L’uomo nel suo essere animale, si scopre fragile fragile e in pochi istanti vede svanire la sua superiorità di genere, tutta la sua forza, quasi una sua presunta imbattibilità. Fragile fragile in balia di un nemico piccolo piccolo, tanto da non poter essere visto neppure a occhi nudi. Dainotti ci regala un frammento da veloce battuta teatrale (la mente corre al mai dimenticato Achille Campanile).
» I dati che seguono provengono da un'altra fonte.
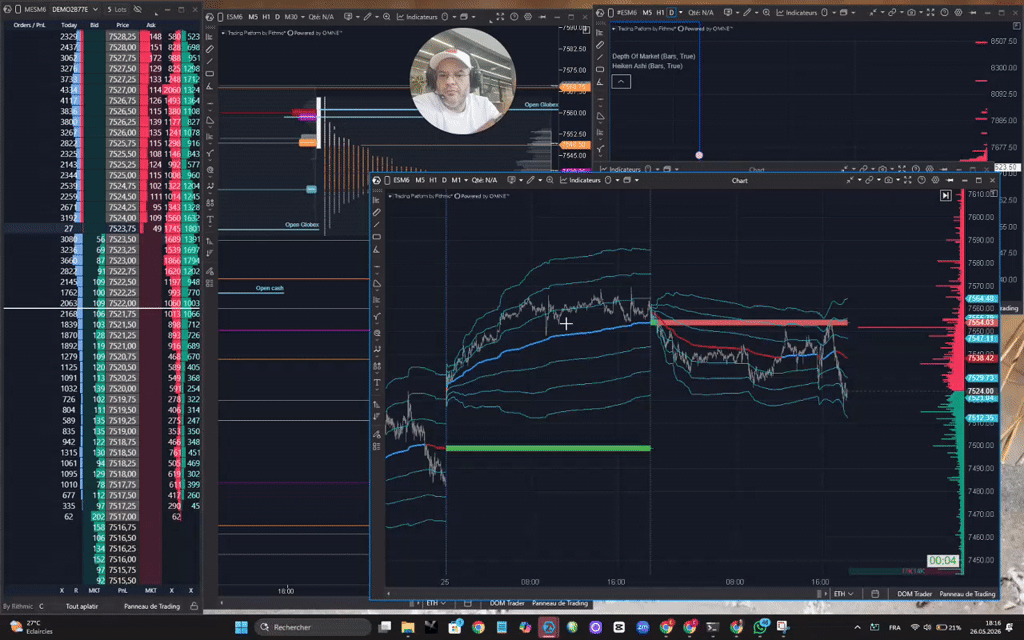 Travaillez votre trading dans le bon sens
Non sappiamo molto della “voce narrante” solo che trattasi di una donna: “Nadia, la cameriera ucraina” e sappiamo di altri due protagonisti: l’Italia e la neve. Sembra vederla la donna ucraina affacciarsi alla finestra di una qualsiasi città o paese italiano (oppure a una finestra mediatica) e sgomenta, ritrovare davanti ai suoi occhi il deserto in un silenzio innaturale che incombe con voce d’assordante terrore ” Non è più Italia”. Non è più “quell’Italia” che lei ha imparato a conoscere e amare, quell’Italia fatta di suoni, colori, profumi, quell’Italia che pullula di gente, di giovani rumorosi a volte, ma che sprizzano energia, vitalità, gioia di vivere. E’ come neve, questo virus, che tiene lontano gli uomini e le bestie. Come quella neve alta, inesorabile che nella lontana ucraina, tiene per mesi la gente chiusa in casa, proprio come noi in questi lunghi interminabili giorni di quarantena volontaria e doverosa per decreto governativo. E’ l’Italia, oggi, sommersa dalla “neve”. E’ l’ Italia a soffrire. Originale descrizione icastica: un elemento naturale come la neve a dar forma all’invisibile Covid-19 (naturale anch’esso o partorito dalla mente dell’uomo che più che a costruire, si adopera ad abbattere, a uccidere? ). Ma la neve sa essere gioiosa, incantevole nel suo “apparire”, sembrare un bianco regalo del cielo o forse degli angeli che si spogliano del loro candore, porta silenzio indescrivibile e incantevole luce nelle notti lunari, ma è passeggera, dopo poco “si dilegua” o ostinatamente permane per offrire di sé un altro aspetto: poltiglia grigia divenuta fango e melma. Che sia nella neve il senso vero del misterioso vivere?
Fabio Dainotti, nato a Pavia nel 1948, vive a Cava de’ Tirreni, poeta e critico letterario. Ex docente d’italiano e latino nei licei è presidente onorario della Lectura Dantis Metelliana e condirettore dell’annuario di poesia e teoria “Il pensiero poetante”. Dalle sue pubblicazioni, citiamo: L’araldo nello specchio, prefazione di Francesco D’Episcopo, Avagliano, 1996; La Ringhiera con nota di Vincenzo Guarracino, Book Editore, 1998; Sera, con un disegno di Salvatore Carbone, Pulcinoelefante, 1999; Ragazza Carla Cassiera a Milano con disegni di Valerio Gaeti, Signum, 2001; Selected poems, Gradiva, 2015; Lamento per Gina e altre poesie, prefazione di Sandro Gros-Pietro, Genesi Editrice, 2015. Ha collaborato e collabora a quotidiani e riviste culturali.